It's not an actual hash or btree index, but rather secondary indexes in
HBase are implemented by creating an additional HBase table.
If I have a table "users" (row key is userid) with family "data" and
column "email", and I want to index the value in that column...
I can create a table "users_email" where the row key is the email
address (value from the column in "users" table) and a single column
that contains the userid.
Doing an "index lookup" would mean doing a get on "users_email" and then
using that userid to do a lookup on the "users" table.
IndexedTable does this transparently, but still does require two
queries. So it's slower than a single query, but certainly faster than
a full table scan.
If you need hash-level performance on the index lookup, there are lots
of solutions outside of HBase that would work... In-memory Java HashMap,
Tokyo Cabinet on-disk HashMaps, BerkeleyDB, etc... If you need full-text
indexing, you can use Lucene or the like.
Make sense?
JG
bharath vissapragada wrote:
But i have read somewhere that Secondary indexes are somewhat slow compared
to normal Hbase tables ..Does that effect the performance ?

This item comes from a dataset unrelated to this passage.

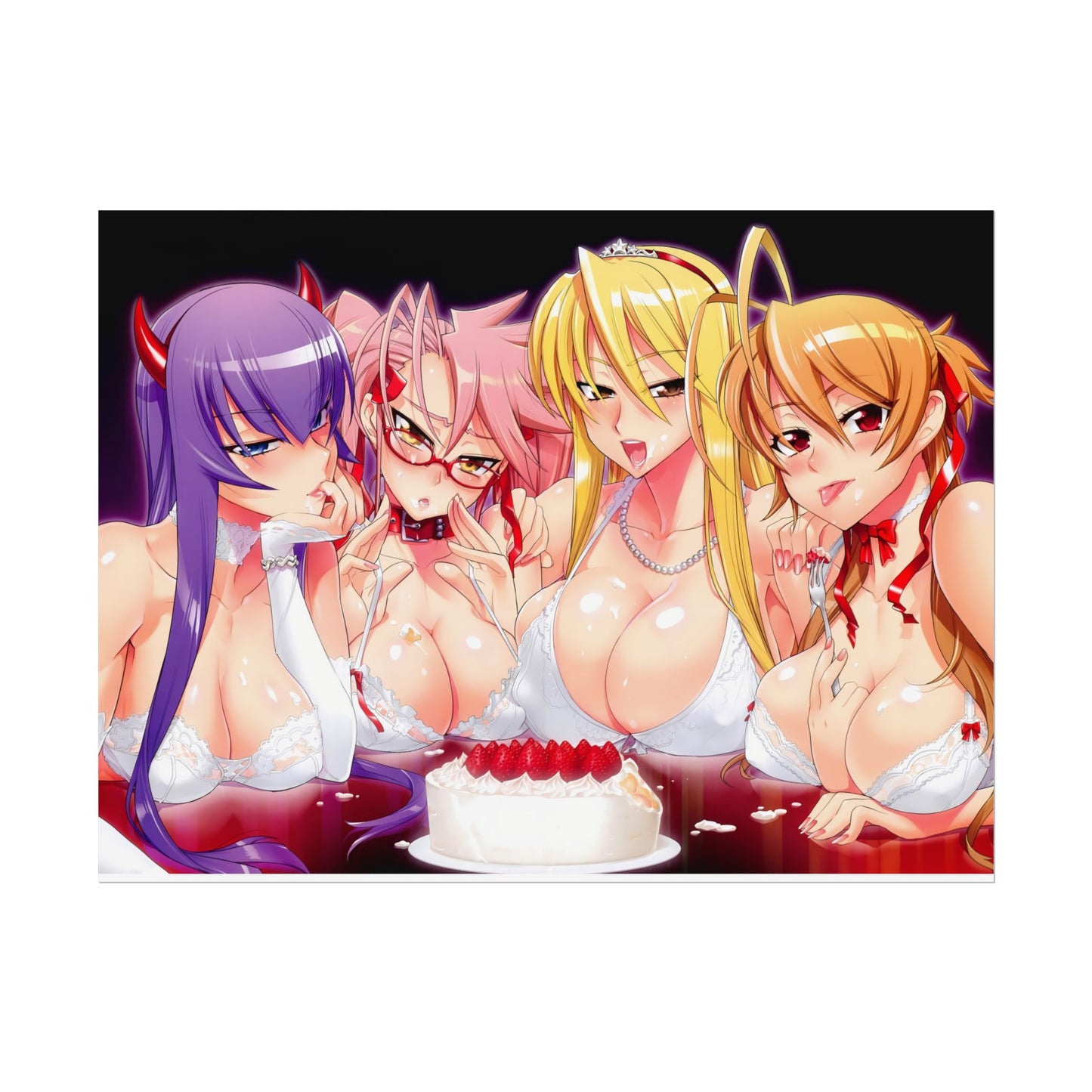 Highschool of the Dead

Also do you know the type of index created on the column(i mean Hash type or
Btree etc)
On Mon, Aug 17, 2009 at 8:30 PM, Kirill Shabunov <[email protected]> wrote:
Hi!
As far as I understand you are talking about the secondary indexes. Yes,
they can be used to quickly get the rowkey by a value in the indexed column.
--Kirill
bharath vissapragada wrote:
Hi all ,
I have gone through the IndexedTableAdmin classes in Hbase 0.19.3 API ..
I
have seen some methods used to create an Indexed Table (on some column)..
I
have some doubts regarding the same ...
1) Are these somewhat similar to Hash indexes(in RDBMS) where i can easily
lookup a column value and find it's corresponding rowkey(s)
2) Can i find any performance gain when i use IndexedTable to search for a
paritcular column value .. instead of scanning an entire normal HTable ..
Kindly clarify my doubts
Thanks in advance